By Susan Reichert, Editor-in-Chief for Southern Writers Magazine
How many times have you heard this advice about
writing? “Write what you know.”
Tom Robbins, an American novelist said, “The one
thing emphasized in any creative writing course is 'write what you know,' and that
automatically drives a wooden stake through the heart of imagination.” He then
went on to say, “If they really understood the mysterious process of creating fiction,
they would say, you can write about anything you can imagine.”
Well,
today, with Google, is there anything we can’t find out about? We can put any
subject in Google and research it until our heart is content. No longer are we
limited to things we know or places we’ve been.
A copy
writer writes advertising promotional material. In order to do their job well
they have to research the company who has hired them to write the material. They
also have to learn what product/products the company produces, how it’s made,
what does it do, and what is it used for. By the time they finish their
research they know as much about the company as the founders. Well, almost.
Only then, with all this information, are they prepared and ready to write the
promotional material.
It’s
imperative for a writer to allow their imagination to come into their world of
writing. I like to think imagination is what we turn lose and allow to soar to
heights we’ve never known in reality. This is where our ideas are born, where
the creative part of us forms images. With imagination, there is nothing we can’t
create and bring into being.
We all have
emotions we can tap into for our writing. We have experienced love, anger,
hurt, loneliness, anxiety, and fear to name a few.

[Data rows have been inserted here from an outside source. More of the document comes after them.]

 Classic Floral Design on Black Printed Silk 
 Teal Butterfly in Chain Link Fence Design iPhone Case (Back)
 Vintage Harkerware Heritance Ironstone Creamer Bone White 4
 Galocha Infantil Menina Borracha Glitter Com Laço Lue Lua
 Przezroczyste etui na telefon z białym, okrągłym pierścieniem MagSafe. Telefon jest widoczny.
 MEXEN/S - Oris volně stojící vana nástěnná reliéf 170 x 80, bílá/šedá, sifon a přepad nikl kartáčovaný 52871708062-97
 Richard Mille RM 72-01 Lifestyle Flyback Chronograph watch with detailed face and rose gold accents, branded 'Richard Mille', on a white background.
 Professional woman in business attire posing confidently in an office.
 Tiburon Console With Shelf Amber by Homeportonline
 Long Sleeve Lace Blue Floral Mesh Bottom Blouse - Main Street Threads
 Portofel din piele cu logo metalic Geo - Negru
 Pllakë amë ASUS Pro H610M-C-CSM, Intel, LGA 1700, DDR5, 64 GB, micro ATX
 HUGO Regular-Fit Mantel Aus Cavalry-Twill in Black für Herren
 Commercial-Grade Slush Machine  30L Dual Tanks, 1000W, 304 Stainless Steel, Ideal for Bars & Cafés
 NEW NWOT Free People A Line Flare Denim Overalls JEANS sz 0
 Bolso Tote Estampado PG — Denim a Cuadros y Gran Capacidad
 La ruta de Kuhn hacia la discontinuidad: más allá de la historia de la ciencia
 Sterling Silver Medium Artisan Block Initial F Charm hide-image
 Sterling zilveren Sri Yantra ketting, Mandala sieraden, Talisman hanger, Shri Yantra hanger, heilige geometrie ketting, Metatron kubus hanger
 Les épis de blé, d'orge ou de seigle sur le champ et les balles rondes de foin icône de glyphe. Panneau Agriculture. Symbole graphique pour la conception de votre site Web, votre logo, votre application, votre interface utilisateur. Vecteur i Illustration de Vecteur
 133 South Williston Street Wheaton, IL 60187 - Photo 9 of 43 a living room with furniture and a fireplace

We can dig into these emotions
and pull out what we felt and write those emotions to characters we create.
If you
write these feelings, your readers will feel them just as you felt them.
So is that
good writing advice? To write what we know? No! Because we are unlimited in
being able to learn about anything we need to know or about a place through the
use of the internet.
Yes, it is
good advice when you realize you’ve felt all those emotions then you can write
about what you know.
Happy
Writing!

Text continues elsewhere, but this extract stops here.